I woke up this morning and my yeast starter was freezing! thus resulting in lower activity than expected. So, before work, I placed it on my heat mat. I'm sitting at work now thinking, is it going to be too hot now? I managed to get the stir plate to work through it, slowly but it was working. 

You think it will be OK by the time I get home, or have a ruined my lovely Super yeast vial???

Cheers,
Simon


----------



## NewtownClown (20/5/15)

It will be fine - probably close to complete! You will want to crash it and decant off the nasty ester ridden beer before pitching


----------



## SimoB (20/5/15)

Awesome, cheers Clown.

I made a bigger starter and saving 500ml of the starter to put in the fridge.. would you decant and fill up with distilled water, or will the estery business leave when I decant the beer and start the new starter?


----------



## NewtownClown (20/5/15)

If I was to use it in a day or two, I'd leave it as is.
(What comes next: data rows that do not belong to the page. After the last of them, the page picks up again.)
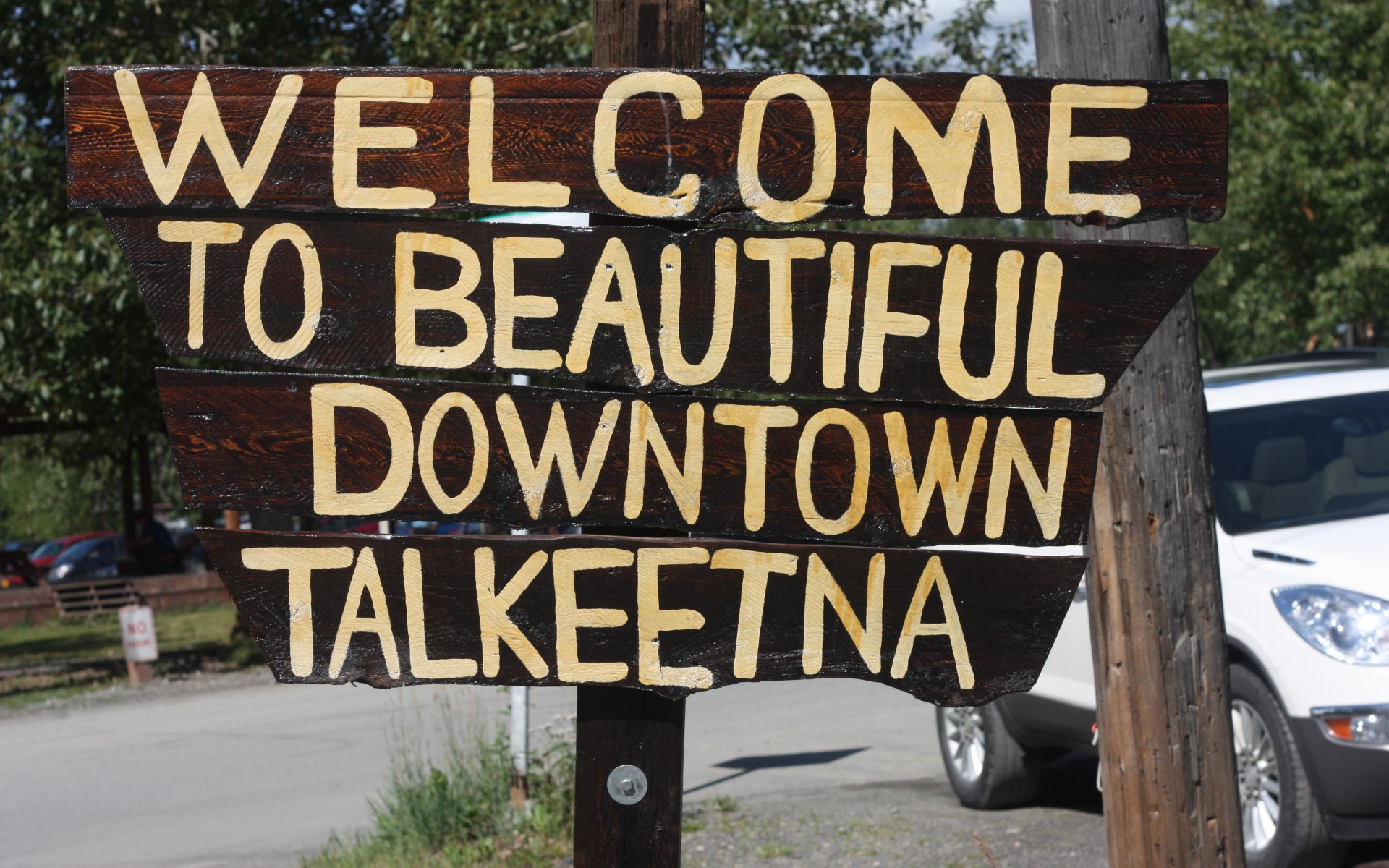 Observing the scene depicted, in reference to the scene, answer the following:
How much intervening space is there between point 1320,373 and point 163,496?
62598mm

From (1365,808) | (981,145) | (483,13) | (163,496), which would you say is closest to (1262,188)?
(483,13)

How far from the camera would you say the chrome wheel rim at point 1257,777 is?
507 cm

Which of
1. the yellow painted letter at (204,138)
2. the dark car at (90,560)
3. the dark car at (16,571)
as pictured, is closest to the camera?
the yellow painted letter at (204,138)

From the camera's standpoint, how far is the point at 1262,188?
779 inches

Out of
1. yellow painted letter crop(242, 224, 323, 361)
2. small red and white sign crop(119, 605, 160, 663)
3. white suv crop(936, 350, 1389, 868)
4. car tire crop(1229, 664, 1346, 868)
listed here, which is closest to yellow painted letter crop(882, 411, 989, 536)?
yellow painted letter crop(242, 224, 323, 361)

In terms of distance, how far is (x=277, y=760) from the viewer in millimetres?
9664

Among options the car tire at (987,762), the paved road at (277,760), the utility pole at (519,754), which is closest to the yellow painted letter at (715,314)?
the paved road at (277,760)

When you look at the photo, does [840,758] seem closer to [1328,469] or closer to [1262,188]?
[1328,469]

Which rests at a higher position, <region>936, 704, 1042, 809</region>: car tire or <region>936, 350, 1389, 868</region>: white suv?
<region>936, 350, 1389, 868</region>: white suv

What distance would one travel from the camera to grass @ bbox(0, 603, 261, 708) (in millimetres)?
15055

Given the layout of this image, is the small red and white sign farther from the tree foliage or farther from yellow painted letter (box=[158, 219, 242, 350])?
yellow painted letter (box=[158, 219, 242, 350])

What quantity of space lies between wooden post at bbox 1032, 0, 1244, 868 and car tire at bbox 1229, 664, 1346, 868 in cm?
131

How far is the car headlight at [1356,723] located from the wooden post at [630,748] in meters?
3.01

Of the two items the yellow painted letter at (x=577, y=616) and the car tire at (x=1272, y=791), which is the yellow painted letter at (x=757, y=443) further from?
the car tire at (x=1272, y=791) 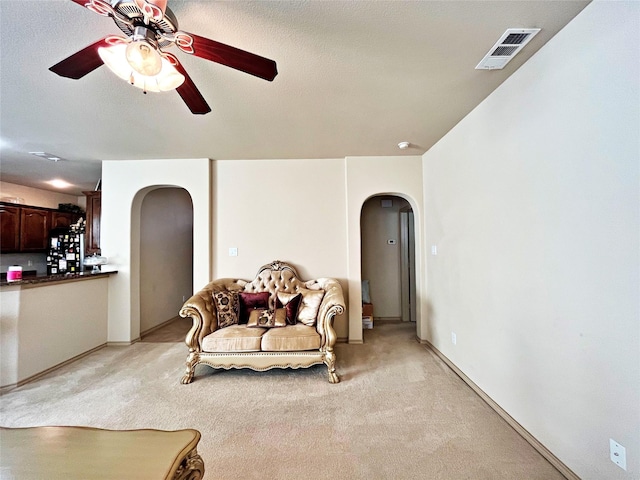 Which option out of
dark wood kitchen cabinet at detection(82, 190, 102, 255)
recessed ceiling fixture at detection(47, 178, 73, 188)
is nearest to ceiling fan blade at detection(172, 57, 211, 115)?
dark wood kitchen cabinet at detection(82, 190, 102, 255)

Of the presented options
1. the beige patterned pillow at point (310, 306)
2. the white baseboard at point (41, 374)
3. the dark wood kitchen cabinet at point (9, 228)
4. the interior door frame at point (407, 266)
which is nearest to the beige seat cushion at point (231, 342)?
the beige patterned pillow at point (310, 306)

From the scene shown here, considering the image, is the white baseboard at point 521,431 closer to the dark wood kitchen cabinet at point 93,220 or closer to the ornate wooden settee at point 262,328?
the ornate wooden settee at point 262,328

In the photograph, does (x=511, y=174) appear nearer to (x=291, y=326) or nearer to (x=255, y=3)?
(x=255, y=3)

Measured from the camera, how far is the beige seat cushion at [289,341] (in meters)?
2.80

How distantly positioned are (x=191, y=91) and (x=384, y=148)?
98.4 inches

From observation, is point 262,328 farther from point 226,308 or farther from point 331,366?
point 331,366

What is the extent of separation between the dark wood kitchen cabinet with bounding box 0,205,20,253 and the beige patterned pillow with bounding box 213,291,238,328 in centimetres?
479

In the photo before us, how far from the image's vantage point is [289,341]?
281 centimetres

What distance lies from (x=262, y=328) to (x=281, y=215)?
1.65 meters

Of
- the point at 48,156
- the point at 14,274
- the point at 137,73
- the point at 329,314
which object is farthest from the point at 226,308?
the point at 48,156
Any longer, I'd decant and mix with distilled water - for no reason other than assuaging my paranoia and knowing that planned brews can often be delayed


----------



## SimoB (20/5/15)

using it on Sunday, the 500ml im saving will be for a few weeks, I might just decant and place some fresh water on it.


----------



## NewtownClown (20/5/15)

SimoB said:


> using it on Sunday, the 500ml im saving will be for a few weeks, I might just decant and place some fresh water on it.


Make sure the water temp is close to the yeast slurry temp so as not to shock the yeast


----------



## Rocker1986 (20/5/15)

The first post on this thread may be of some interest regarding storing yeast under distilled water - it's one reason I don't bother doing it and just leave it under the spent starter wort.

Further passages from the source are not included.